> _What to produce_: Skip all pictures. Write out the data below from its first line through the line that contains "Thank you for".

(Beginning of Input data)

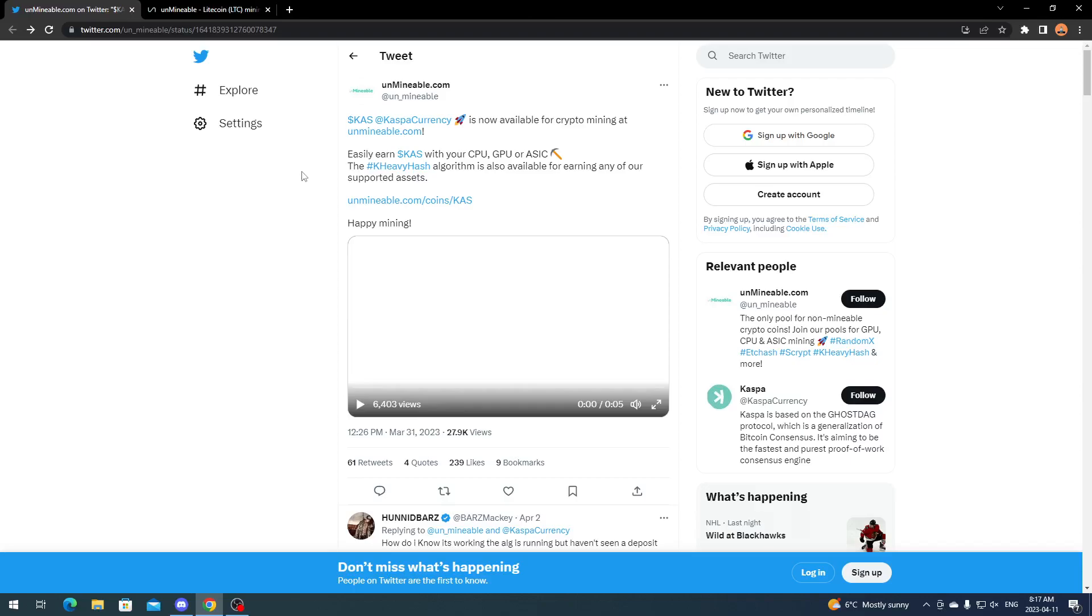You can mine Caspa directly on Unminable—you just can't solo mine, so you'd be mining in the pool and earning it. Or you can go ahead and mine the KHeavyHash algorithm, earn Caspa, and convert to whatever coin that you want on their website.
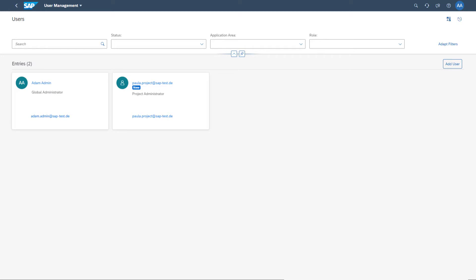Thank you for watching this video. You now know how to activate your account and create the first users for SAP Cloud ALM.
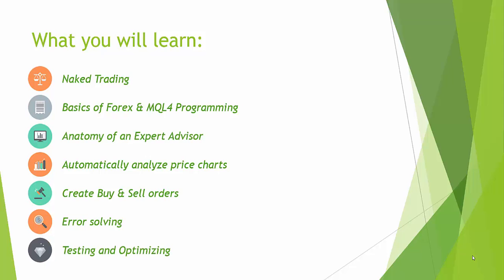And also we take a look at how to test and optimize our expert advisor. We use many variables in an expert advisor and not all are optimal or the combinations are not optimal. And what is the best combination of variables that will yield the most profit at the least risk.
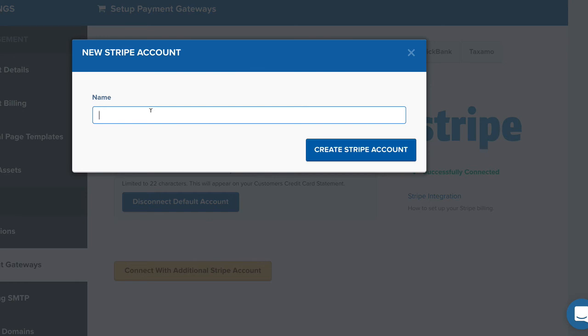And you'll just have to authorize that to take place because you don't just want anybody being able to connect to your Stripe account. So what you have to do is personally go in there and authorize that connection.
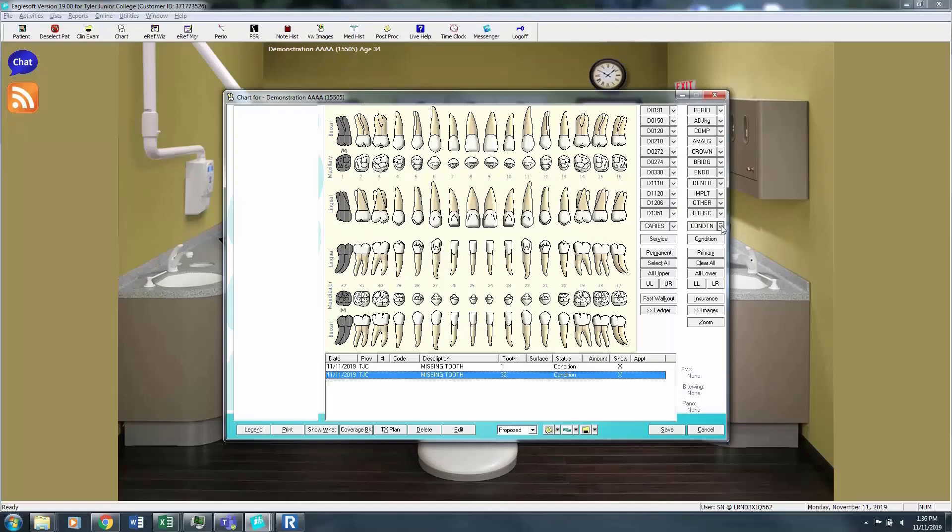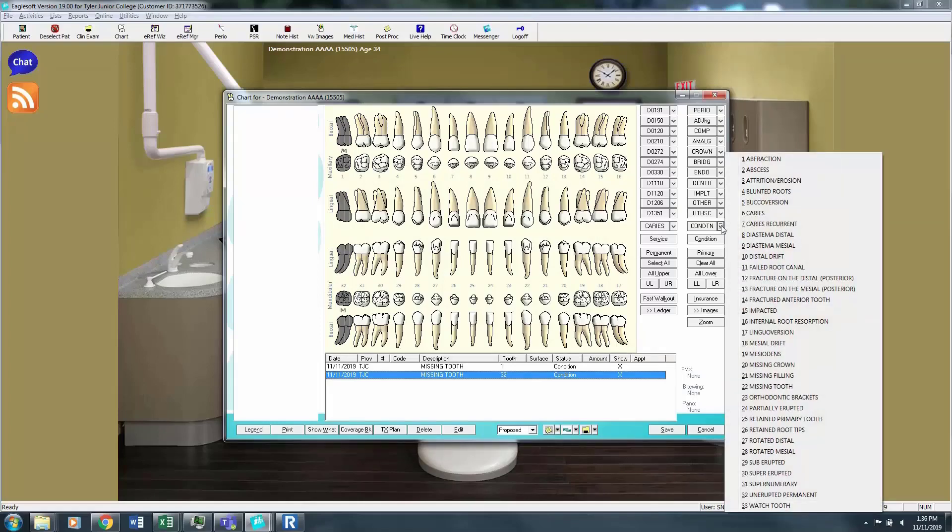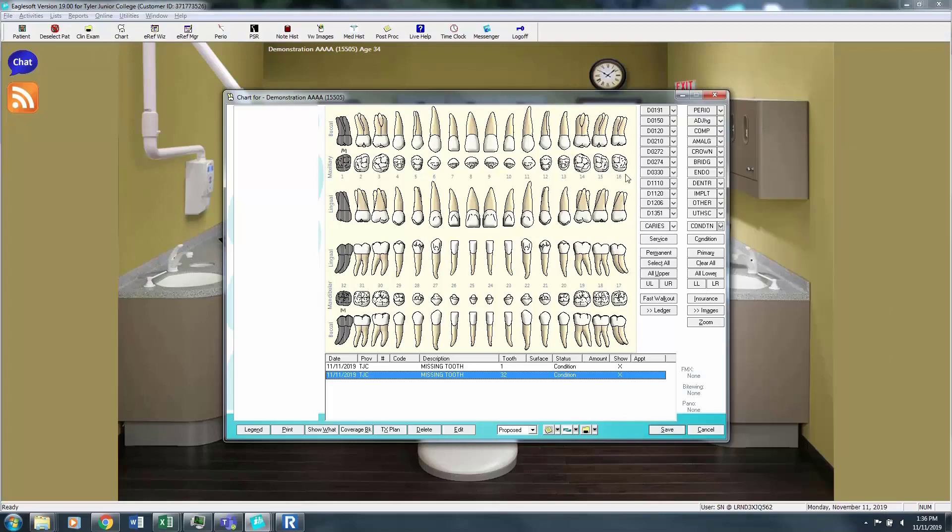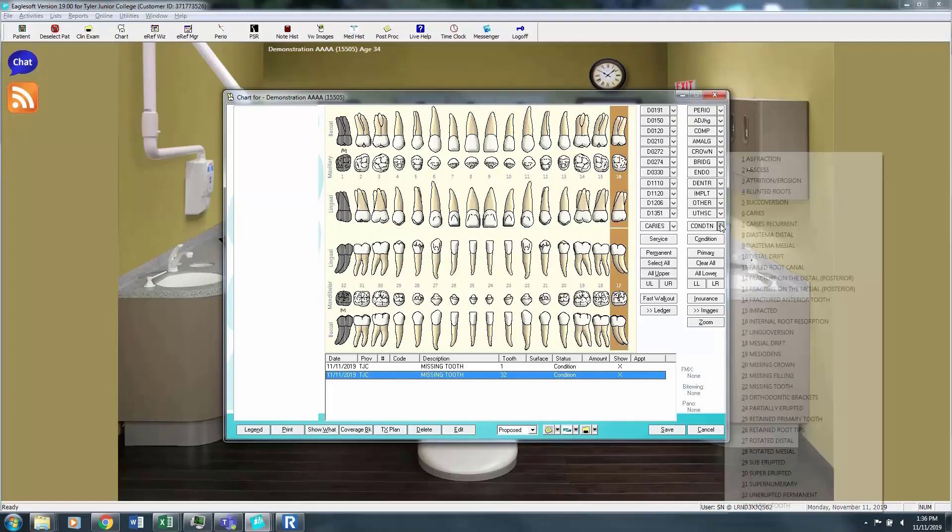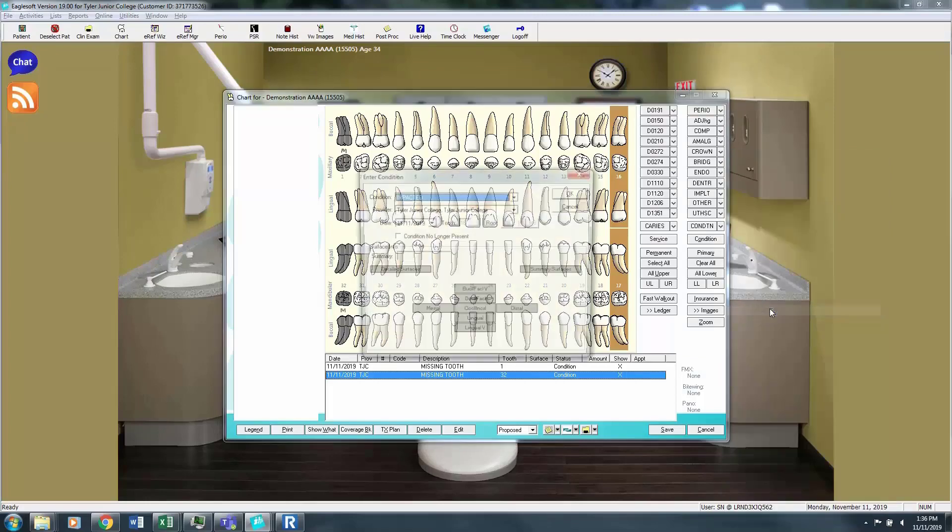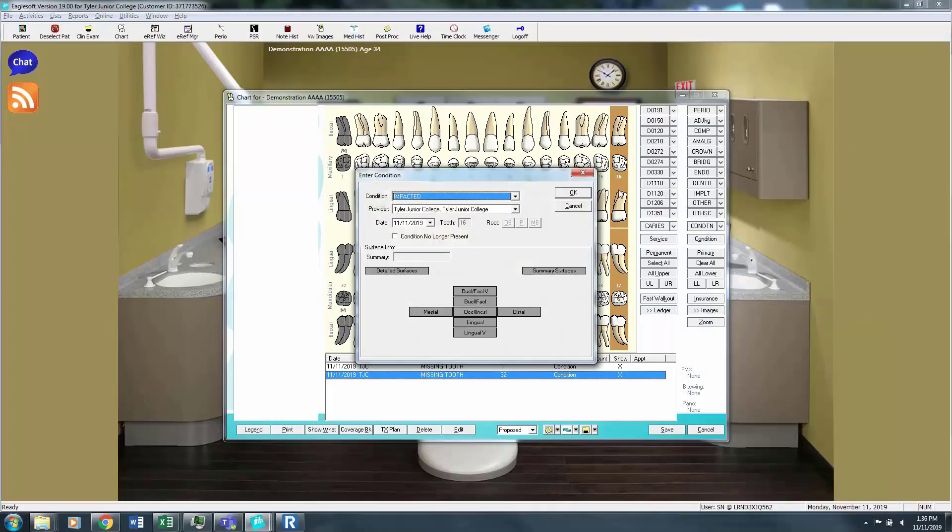You'll notice I clicked on the conditions tab. If you're unable to find what you're looking for in the other tabs, then the conditions tab has a list of 33 different conditions that could be used for any given tooth. I'm going to click on 16 and 17 and say that this patient has these two wisdom teeth impacted.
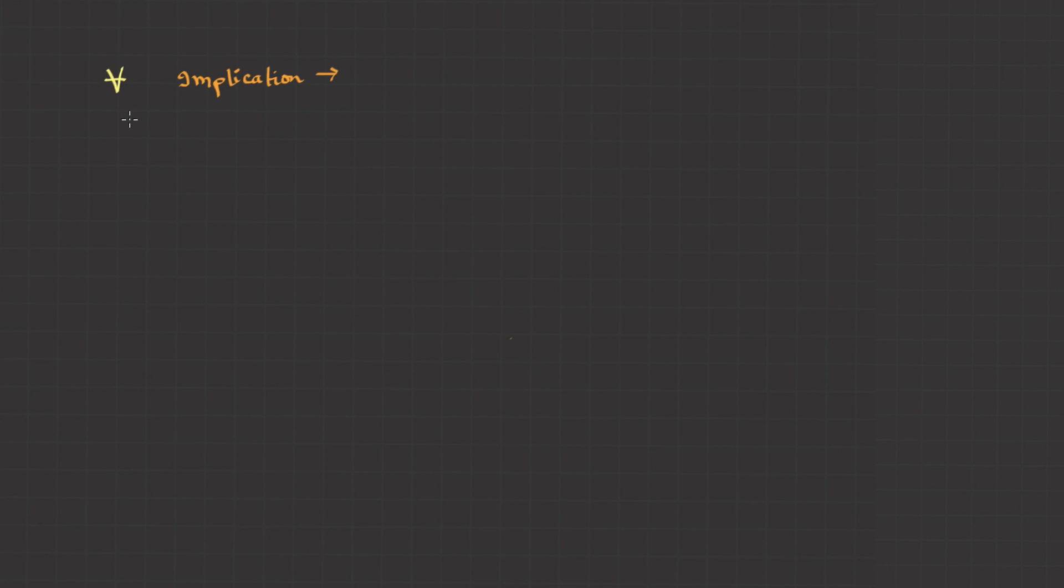So for all is always associated with implication. And there exists is always associated with conjunction. Blindly remember this. It's very, very important.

(End of Input data)

> _Answer area_:
You can mine Caspa directly on Unminable—you just can't solo mine, so you'd be mining in the pool and earning it. Or you can go ahead and mine the KHeavyHash algorithm, earn Caspa, and convert to whatever coin that you want on their website.
Thank you for watching this video. You now know how to activate your account and create the first users for SAP Cloud ALM.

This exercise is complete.